## AIM OF THE EXERCISE
Look below for the line containing "Log in. Some"; from there through the line containing "So the current", both lines included, please set down each line exactly and nothing else.

◇ ◇ ◇ ◇ ◇

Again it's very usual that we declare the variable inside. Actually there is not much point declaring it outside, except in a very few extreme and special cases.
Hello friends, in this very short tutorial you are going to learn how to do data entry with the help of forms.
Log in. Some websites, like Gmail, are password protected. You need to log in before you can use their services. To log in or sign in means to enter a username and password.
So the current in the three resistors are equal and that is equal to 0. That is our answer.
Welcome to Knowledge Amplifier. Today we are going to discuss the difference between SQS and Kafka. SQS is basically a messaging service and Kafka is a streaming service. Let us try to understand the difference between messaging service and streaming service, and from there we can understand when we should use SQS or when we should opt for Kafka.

◇ ◇ ◇ ◇ ◇

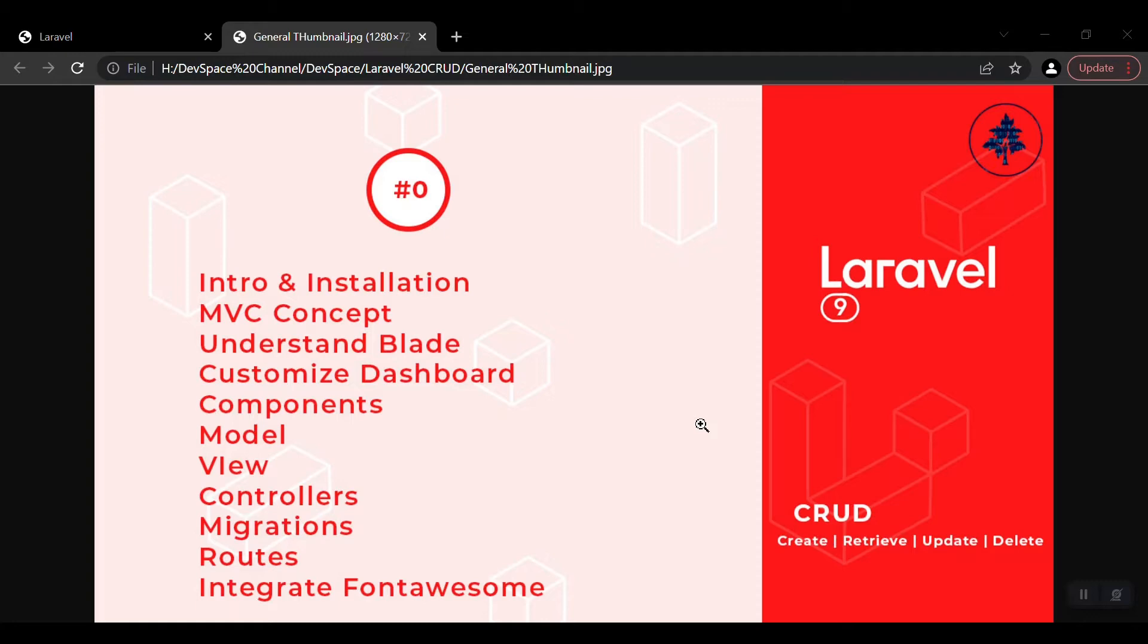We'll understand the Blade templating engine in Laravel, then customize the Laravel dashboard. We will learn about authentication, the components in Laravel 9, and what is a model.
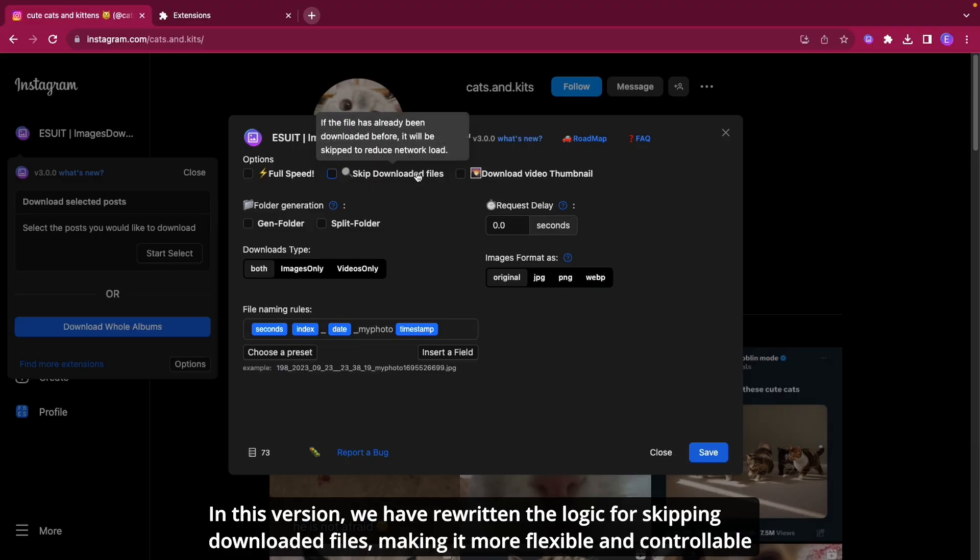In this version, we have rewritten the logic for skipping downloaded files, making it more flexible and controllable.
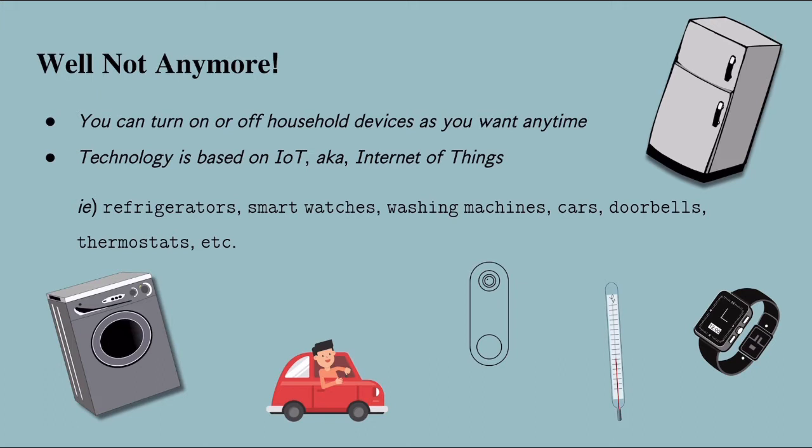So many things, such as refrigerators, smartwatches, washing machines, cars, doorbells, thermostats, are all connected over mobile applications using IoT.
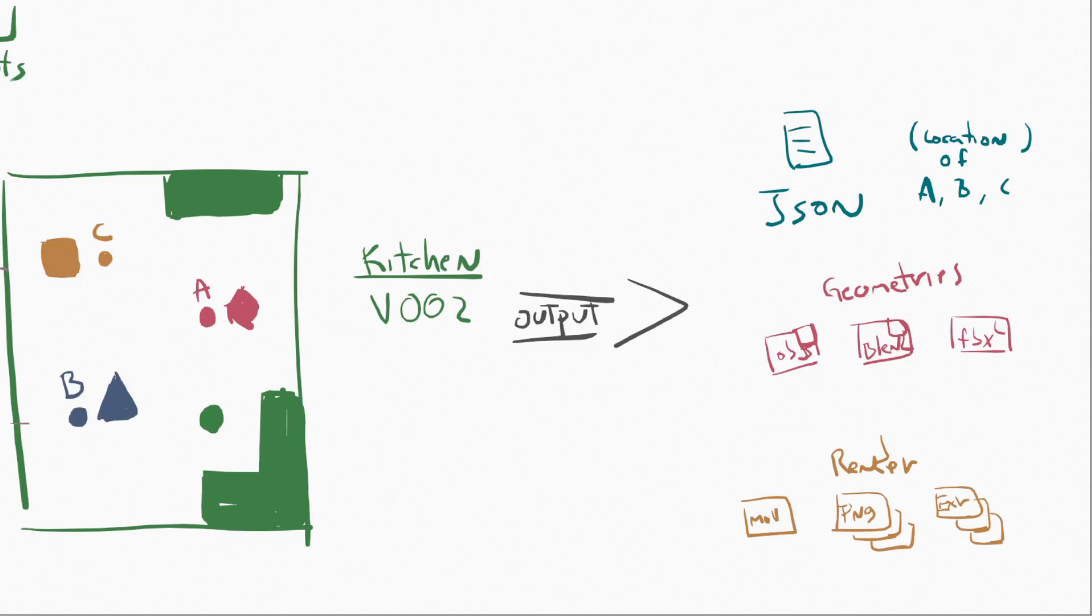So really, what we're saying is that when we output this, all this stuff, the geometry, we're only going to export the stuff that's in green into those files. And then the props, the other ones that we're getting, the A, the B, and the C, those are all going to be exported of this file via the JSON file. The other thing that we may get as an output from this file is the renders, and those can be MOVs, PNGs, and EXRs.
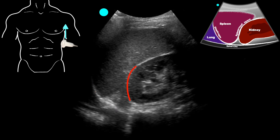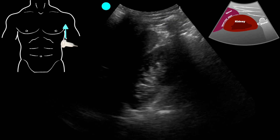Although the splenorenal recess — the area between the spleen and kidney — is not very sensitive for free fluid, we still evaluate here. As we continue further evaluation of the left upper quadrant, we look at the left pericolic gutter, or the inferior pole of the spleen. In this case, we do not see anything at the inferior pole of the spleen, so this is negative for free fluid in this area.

◇ ◇ ◇ ◇ ◇

## ANSWER
Log in. Some websites, like Gmail, are password protected. You need to log in before you can use their services. To log in or sign in means to enter a username and password.
So the current in the three resistors are equal and that is equal to 0. That is our answer.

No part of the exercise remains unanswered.